He had returned to the Blackfriars in time for the midday meal, to find Alys still absent about the town somewhere and the men with no idea where she had gone. After they had eaten he had set all three of them to talk to the lay servants and the outdoor men, hoping that Brother Dickon would enlist Euan’s help at something backbreaking if he approached him, and repaired to the Prior’s study to report what progress he had made. It seemed remarkably little, particularly since he had suppressed any mention of the contents of Andrew Rattray’s linen bundle.

‘Should we have them in together?’ he continued now. ‘This would avoid any appearance of favouring one party or the other.’

Thomas Wilson and Alexander Raitts, summoned by a servant, jostled each other through the doorway, glaring sideways and both breathing hard, but they were sufficiently wise in their Order to maintain the silence they had been commanded to keep.
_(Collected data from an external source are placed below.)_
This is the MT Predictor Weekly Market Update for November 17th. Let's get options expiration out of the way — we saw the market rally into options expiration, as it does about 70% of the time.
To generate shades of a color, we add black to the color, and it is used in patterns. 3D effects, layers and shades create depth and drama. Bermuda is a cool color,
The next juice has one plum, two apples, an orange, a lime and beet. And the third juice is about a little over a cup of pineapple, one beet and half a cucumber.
Gil studied them as they took up an appropriately humble stance before their Prior, heads bent, hands tucked into their sleeves. He recognised Wilson now as one of the friars he had seen about the place, a broad-shouldered, broad-faced man with a pleasant smile and calculating eyes, who seemed much more composed than his companion. Raitts’s fingers were twitching inside his sleeves, perhaps drumming on the opposing wrists, making the heavy wool quiver. His nostrils were twitching as well. Both men were somewhat battle-scarred; Wilson bore a scabbed bruise on his cheekbone, and Raitts sported a magnificent black eye and a split lip.

Prior David delivered himself of a brief but pungent speech, reminding them of the value of truth, brotherly affection, and the stability of the Order, and instructing them to speak one at a time in answer to Maister Cunningham’s questions. Raitts shivered at that, and clasped his hands tightly; Wilson raised his head and looked at Gil, frowning slightly.
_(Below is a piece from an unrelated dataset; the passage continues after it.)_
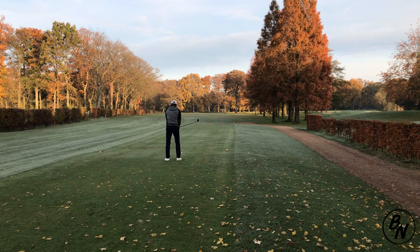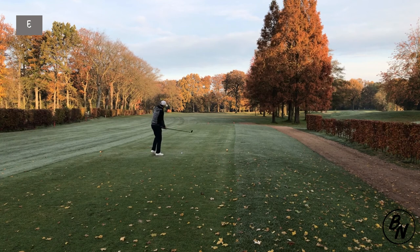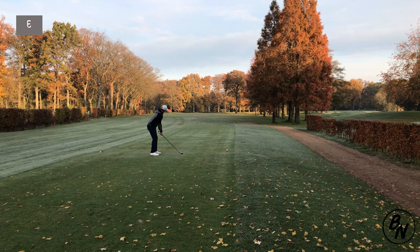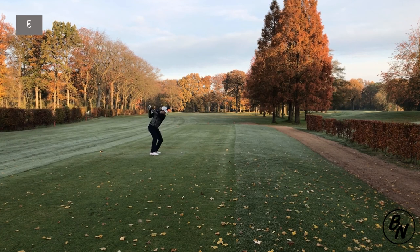The second hole at Kledal is a par 4 with a dogleg to the right, 366 yards long. You want to aim left of the tree up ahead — the tree is at around 200 yards. You want to hit at least 200-210 yards; left of the tree would be ideal. If you can hit longer, you can go over it.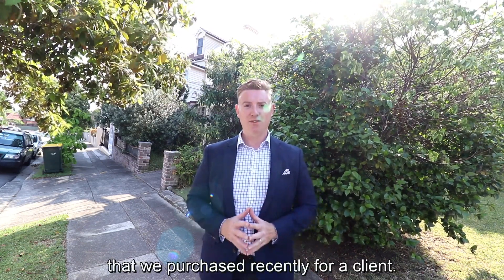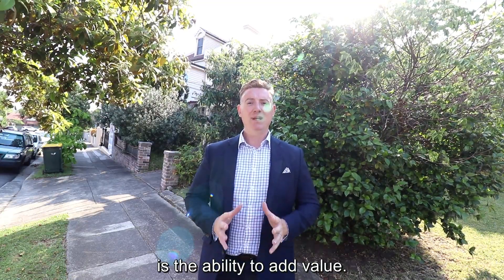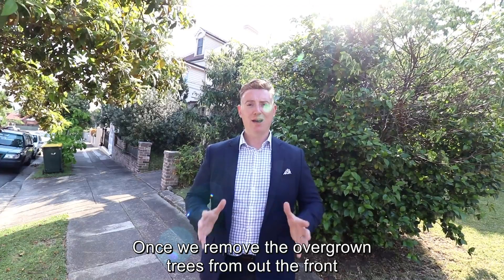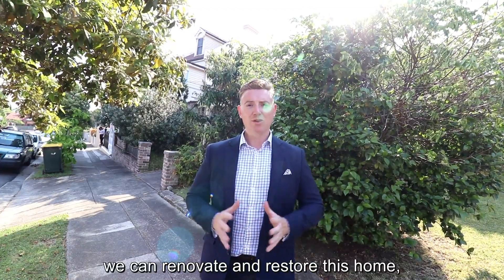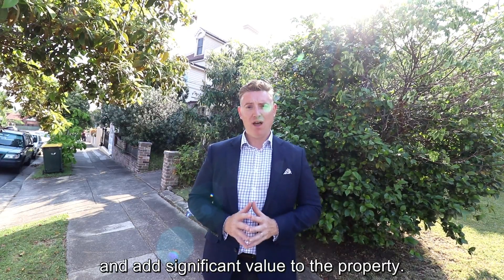Behind me is a home that we purchased recently for a client. What appeals to me most about this property is the ability to add value. Once we remove the overgrown trees from out the front, we can renovate and restore this home, increase the size of it, and add significant value to the property.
‘Gentlemen,’ said Gil, arranging his thoughts. ‘You mind I’m here to investigate the matter of Leonard Pollock’s disappearance.’ Wilson nodded. Raitts scowled. ‘I’m asked of your Prior,’ he bowed slightly towards his kinsman, ‘to consider the death o Andrew Rattray as well. I wasny at the Chapter of Faults when I’m told you accused each the other o causing these events. I want to hear all you ken that prompted you to say sic a thing.’ He pointed at Raitts. ‘In the order o the alphabet, you first.’
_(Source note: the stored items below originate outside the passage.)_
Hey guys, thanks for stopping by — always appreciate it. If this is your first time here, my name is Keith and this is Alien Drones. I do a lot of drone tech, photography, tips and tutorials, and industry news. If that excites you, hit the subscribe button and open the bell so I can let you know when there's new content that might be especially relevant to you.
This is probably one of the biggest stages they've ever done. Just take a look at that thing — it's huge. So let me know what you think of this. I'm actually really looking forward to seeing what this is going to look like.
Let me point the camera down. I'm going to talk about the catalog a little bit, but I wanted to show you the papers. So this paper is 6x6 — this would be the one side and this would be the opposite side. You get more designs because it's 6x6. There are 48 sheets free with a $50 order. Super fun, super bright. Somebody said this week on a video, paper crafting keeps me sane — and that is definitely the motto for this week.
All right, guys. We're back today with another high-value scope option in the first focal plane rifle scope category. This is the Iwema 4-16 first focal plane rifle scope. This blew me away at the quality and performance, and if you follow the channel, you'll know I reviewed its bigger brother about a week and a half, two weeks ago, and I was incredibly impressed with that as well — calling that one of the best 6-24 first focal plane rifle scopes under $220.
Wilson stiffened, and swallowed, but said nothing. Raitts stared from Gil to his Prior and back, looking appalled.

‘I–I — I — ’ he began, and gulped like a carp. ‘Is he to question us, Faither? On a Priory matter? It’s no appropriate.’

‘Answer the question,’ said Prior David.

‘Murder and arson,’ said Gil deliberately, ‘are pleas of the Crown, and hanging offences. It’s gone beyond your walls now, brother. What prompted you to accuse Thomas Wilson o murder?’

Wilson turned his head and glared, but held silence. Raitts gulped again, and said in a whisper, ‘He was about the place in the night, creeping out o the kitchen in the dark, whispering in corners wi Henry White, for I saw him. What else could he ha been at?’

‘And how did you come to see him?’ Gil asked. ‘I take it you were creeping about the place in the dark and all?’

‘I wasny creeping!’ said Raitts indignantly. ‘I went out to the — to the necessarium, all openly. You canny just step out in the dark. The stairs is as worn, you need to watch your feet and go by the wall, even wi a lantern, so I was going slow and quiet and here was this one-’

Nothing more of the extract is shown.